Before I forget: Congratulations to Melissa Shipman over at the newlywed wife, who won the OXO egg beater!
- 1 lb dried kidney type beans, I used Rancho Gordo's Black Valentine beans
- 1 small onion, chopped
- 4 garlic cloves, minced
- pinch of turmeric
- salt to taste
- 1 t dark mustard seeds
- 1 t cumin seeds
- 4-5 T vegetable oil
- 3 bay leaves
- 3 large red onions, chopped
- 3-inch piece of ginger, minced
- 4-6 cloves garlic, minced
- 1 T paprika, or something hotter, like cayenne, if you prefer
- 1 1/2 T ground coriander
- 1/2 t turmeric
- 2 t ground cumin
- 3 small-medium zucchini, chopped
- 2 sweet bell peppers, chopped
- 4 large or 6 medium tomatoes, chopped (I used peeled frozen)
- salt to taste
- 2 t garam masala, to taste
- 1 t amchur powder
- 2 T brown sugar
- juice of 1/2 lemon, to taste
- chopped fresh cilantro for garnish, I left out because I did not have but it would be good
Start the beans earlier in the day (or better yet, start soaking the night before). Place them in a pot and cover them with cold water by 2 inches. Add the onion, garlic and oil. Bring to a boil and let boil for 5 minutes. Stir in the turmeric. Then cover to maintain a very gentle simmer. Check the pot periodically to make sure the beans are still well covered by water--add more if necessary. When the beans are tender, add 1 teaspoon of salt. After 10 minutes, taste for more salt. Then turn off the heat and leave the beans covered until needed.

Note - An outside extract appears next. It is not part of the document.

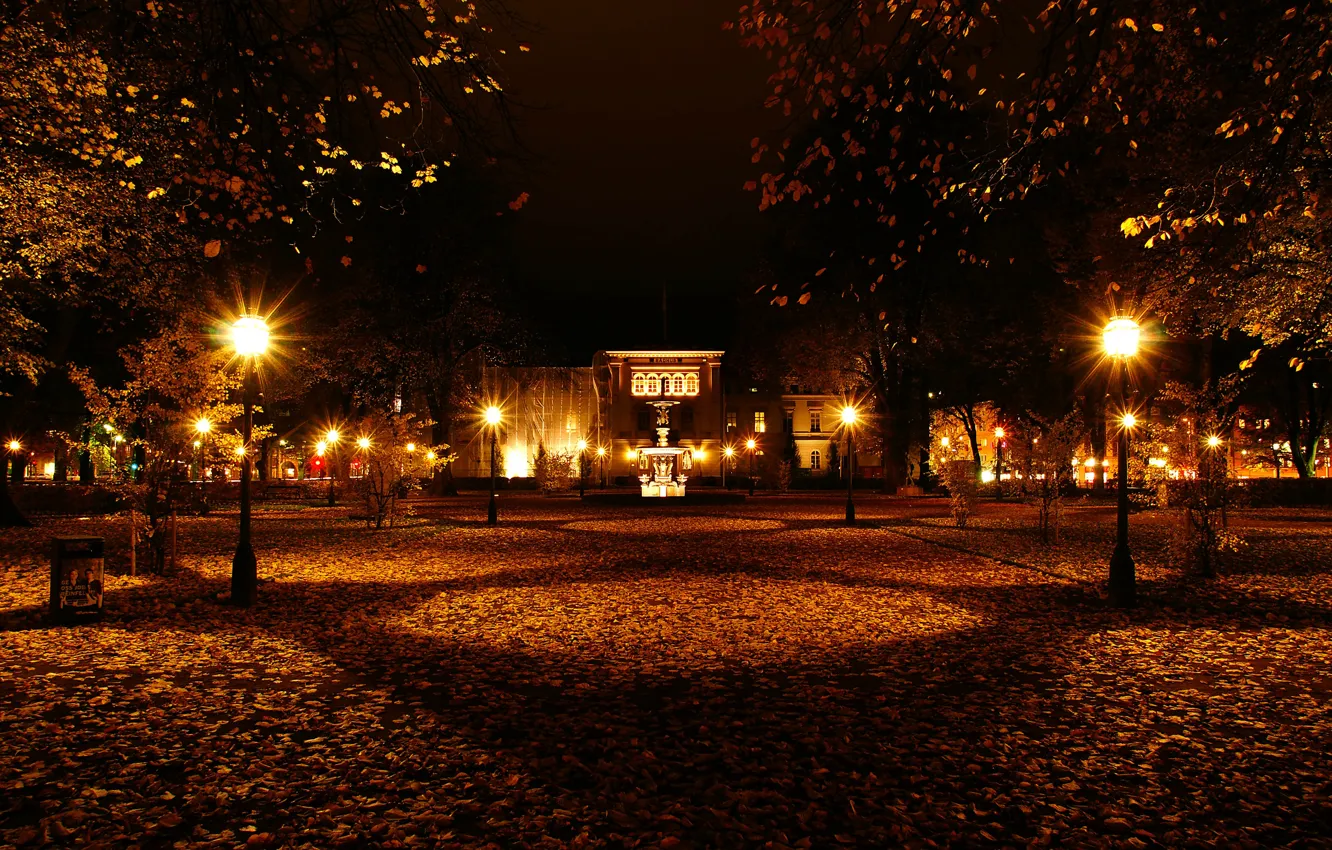 Photo wallpaper autumn, night, Park, foliage, lights, Sweden, Sweden, night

Heat a large soup pot or Dutch oven over medium high heat. Add the oil and the mustard seeds--cover the pot and listen for popping. When the popping slows down, sprinkle the cumin seeds in with the bay leaves. Cook until fragrant, about 20-30 seconds (cumin seeds burn easily, so watch the pot). Add the onions with a pinch of salt. Cook the onions, stirring occasionally and adding a splash of water if they start to scorch, until they are caramelized a dark golden brown. Add the garlic and ginger and cook for one minute, stirring. Then add the paprika, coriander, turmeric and cumin. Stir to incorporate and roast, for about 30 seconds. Then add the zucchini and bell pepper with a pinch of salt. Cook, stirring, for 2 minutes. Then add the tomatoes and stir to to mix in.
Let the tomatoes simmer for 5 minutes, allowing the flavors to meld. Then add the beans with all of their cooking liquid to the pot. Mix and bring to a boil. Add salt to taste--start with 1/2 teaspoon, and let gently simmer, covered, until you are ready to serve (it can cook this way for an hour 2, at most the beans will just get super soft and you may need to add a splash of water or 2 to keep the dish stew-like).
Mix in the brown sugar, amchur powder, garam masala and lemon juice. Taste for additional salt, lemon juice or garam masala. Serve with flatbread or over rice, garnished with cilantro and plain Greek yogurt.
As always, affiliate links were used in this post, only to link to products I would be linking to anyway.
Eating Local in the Lou says
Oh my goodness Laura- you and I were craving similar things today! If you get a chance, please check out my latest post…also Indian spices used with kidney beans and turnips. 🙂
I guess I never really thought about the irony, but I crave curries in winter too! This one looks yummy.
Kiri W. says
This sounds amazing – I adore the bold flavors, and how interesting to see kidney beans in such an application! Great recipe, thank you for sharing.
Baker Street says
I love rajma! Its made at least once every fortnight at our house.